Mais c'est vrai qu'il avait déjà annoncé la couleur en 2016, quand il était encore ministre de François Hollande. Séquence souvenir. Il n'y a jamais eu un ministre socialiste qui a visité le Puy du Fou jusqu'alors. Depuis 30, 40 ans, vous êtes le premier. L'honnêteté m'oblige à vous dire que je ne suis pas socialiste. Je suis au gouvernement de gauche. J'ai moi-même pris des initiatives politiques qui ne vous ont pas échappé. Nous en avons parlé tout à l'heure. Mais, je veux dire, quelle importance ? Voilà, on ne peut pas être plus clair. Et puis, tu vois, ça me fait un petit choc de revoir le logo d'Itélé à l'écran. C'est vrai qu'à l'époque, Bolloré n'avait pas encore racheté la chaîne.
Et le Figaro Magazine a d'ailleurs souligné cruellement que le président, je cite, est encore plus impopulaire que pendant la crise des Gilets jaunes. C'est une observation pas anodine de la part du journal du clan d'assaut avant la mobilisation du 10 septembre, dont on a amplement parlé sur le média.
Et puis, on va continuer à en parler. On sera sur le pont dès lundi. Et puis, toute la semaine, nos équipes travaillent dur. Et je rappelle que la couverture de tels événements ne peut se faire sans vous et sans votre soutien. Donc, je le place, je le place. Nils, il paraît que les relations entre Marine Le Pen et Jordan Bardella sont revenues au beau fixe.
Mais oui, Lisa, ça y est, les données du RN affichent une nouvelle entente dans les médias après des périodes de tension. Regardez-les à la sortie de Matignon mardi après avoir rencontré François Bayrou.

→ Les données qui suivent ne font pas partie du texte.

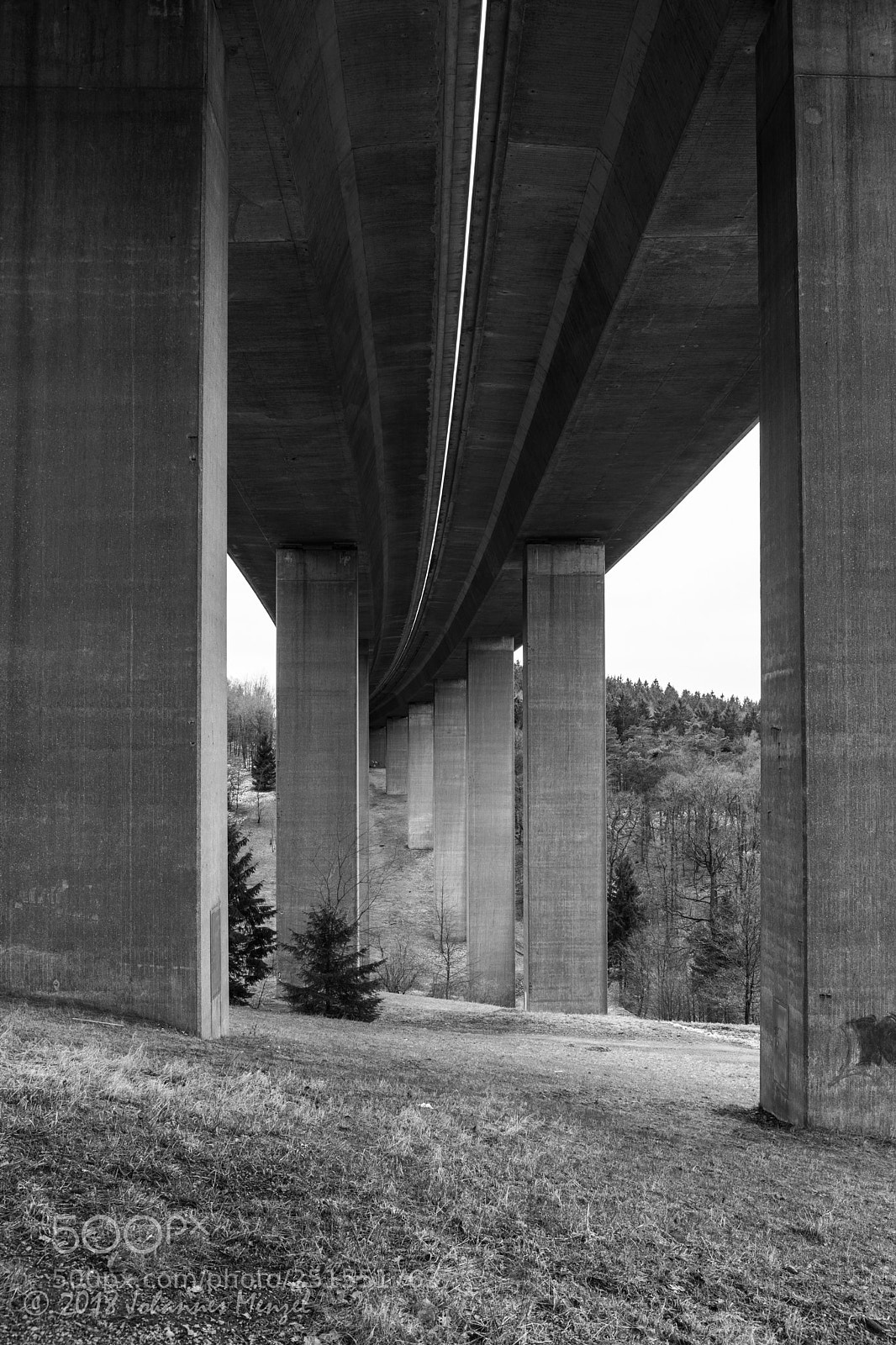 Canon EOS 5D Mark IV sample photo. Under the bridge photography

Nous, nous appelons, Jordan et moi-même, à une dissolution ultra rapide. Parce que la réalité, c'est qu'il faut que la nouvelle majorité issue de ces nouvelles élections puisse construire un budget pour que notre pays ait un budget. C'est ça, en réalité, la seule solution qui soit démocratique.

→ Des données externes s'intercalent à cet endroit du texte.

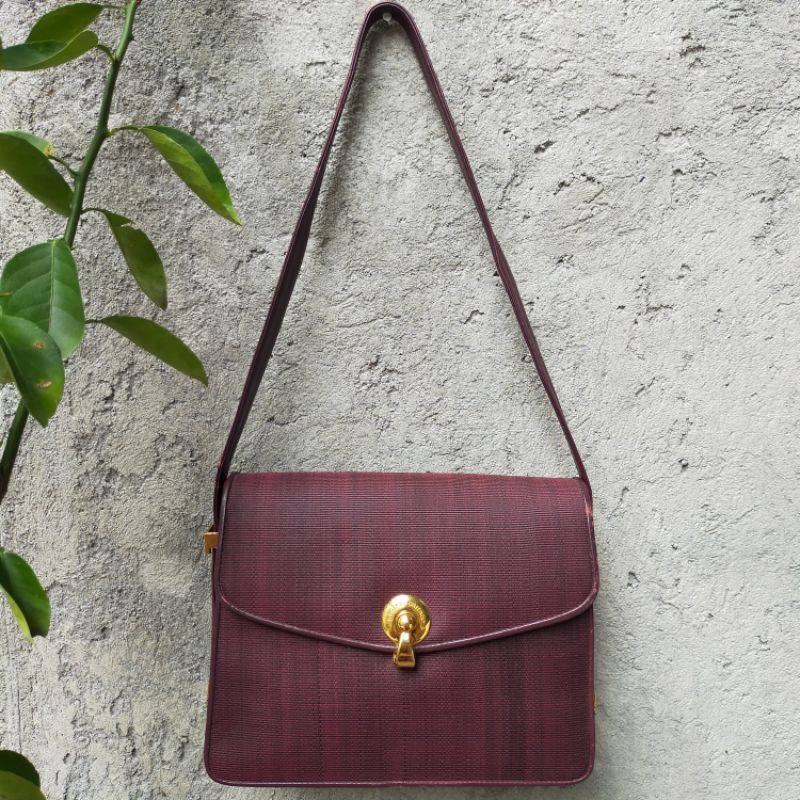 Shoulderbag/Slingbag vintage preloved brand ANDREA CARRANO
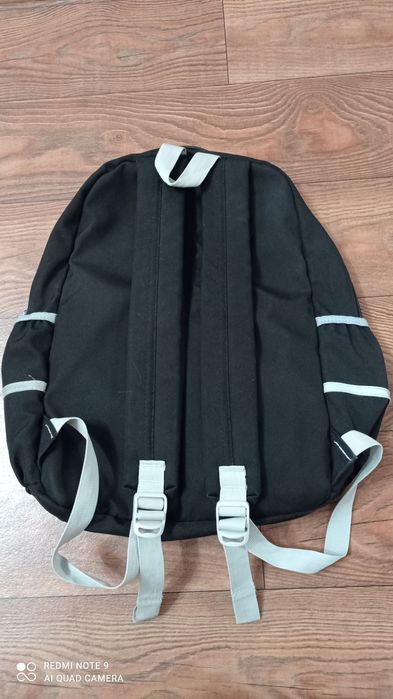 Рюкзаки в отличном состоянии для 1 класса и большие.Цена за один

Voilà, alors, ils reviennent de loin, les deux tourtereaux du RN, souvenez-vous de cette petite phrase lâchée par Marine Le Pen sur Bardella lors de sa visite en Nouvelle-Calédonie en mai dernier.
Ce serait une bonne chose que je puisse participer, effectivement, à ces consultations.

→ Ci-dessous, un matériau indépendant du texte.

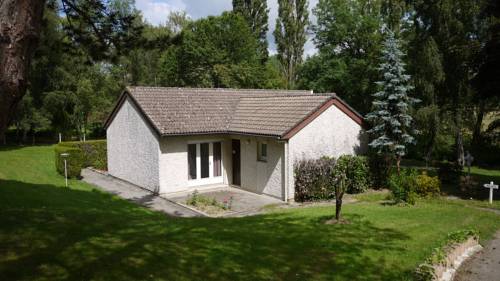 Les Châtaigniers : Hotel near Mouhet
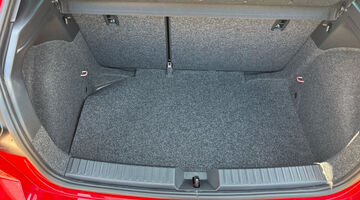 2026 SEAT 1.0 TSI FR Euro 6 5-door (Red) - Image: 15
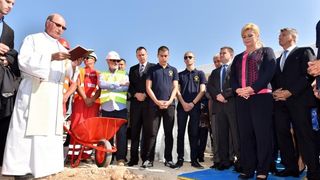 Predsjednica Kolinda Grabar Kitarović otvorila radove na zgradi putničkog terminala u Gaženici. Photo: Dino Stanin/PIXSELL Predsjednica Kolinda Grabar Kitarović otvorila radove na zgradi putničkog terminala u Gaženici. Photo: Dino Stanin/PIXSELL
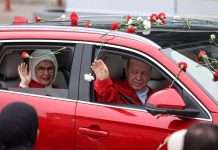 Erdogan shfaqet në publik pas tre ditëve mungesë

Qu'est-ce que vous voulez arriver sans Jordan Bardella dans ces cas-là ?
Je ne suis pas sûre que Jordan, pour le coup, connaisse très bien les problématiques de la Nouvelle-Calédonie.
Voilà, donc une vraie baffe. Enfin, et puis, c'est vrai que les relations avaient continué de s'envenimer malgré les excuses des chefs du Rassemblement national. Alors, depuis, la direction du parti tente de présenter un duo à la tête du RN, enfin uni. Entre Marine et Jordan, ça va beaucoup mieux. C'est ce que martèlent les proches du duo aux journalistes. Et d'ailleurs, la direction du parti présente la mise en place d'une réunion commune régulière entre leurs cabinets comme la preuve ultime d'une union retrouvée. C'est ce que expliquait le Figaro cette semaine.
Et les classiques du parti répètent à tout bout de champ que de toute façon, Marine Le Pen sera candidate à la présidentielle en 2027, quoi qu'il se passe. Ça veut dire que certains au Rassemblement national voudraient peut-être enterrer un peu trop vite Marine Le Pen et qu'ils font courir cette petite musique ? Écoutez, je ne sais pas, en tout cas. Moi, je pense que Marine Le Pen est non seulement notre chef naturel, mais une chef qui a prouvé une fois de plus son grand courage et sa grande valeur.
Parce que se prendre ces tristes événements et ces accusations affamantes dans la tête et être restée droite comme une union, se battre, être sur le terrain immédiatement, moi, je trouve ça parfaitement admirable. Voilà, alors en coulisses, évidemment, l'ambiance n'est pas tout à fait la même. Les relations entre les deux têtes du parti demeurent, je cite, teintées de méfiance réciproque. C'est ce que m'expliquait une source interne au parti que j'ai interrogée cette semaine.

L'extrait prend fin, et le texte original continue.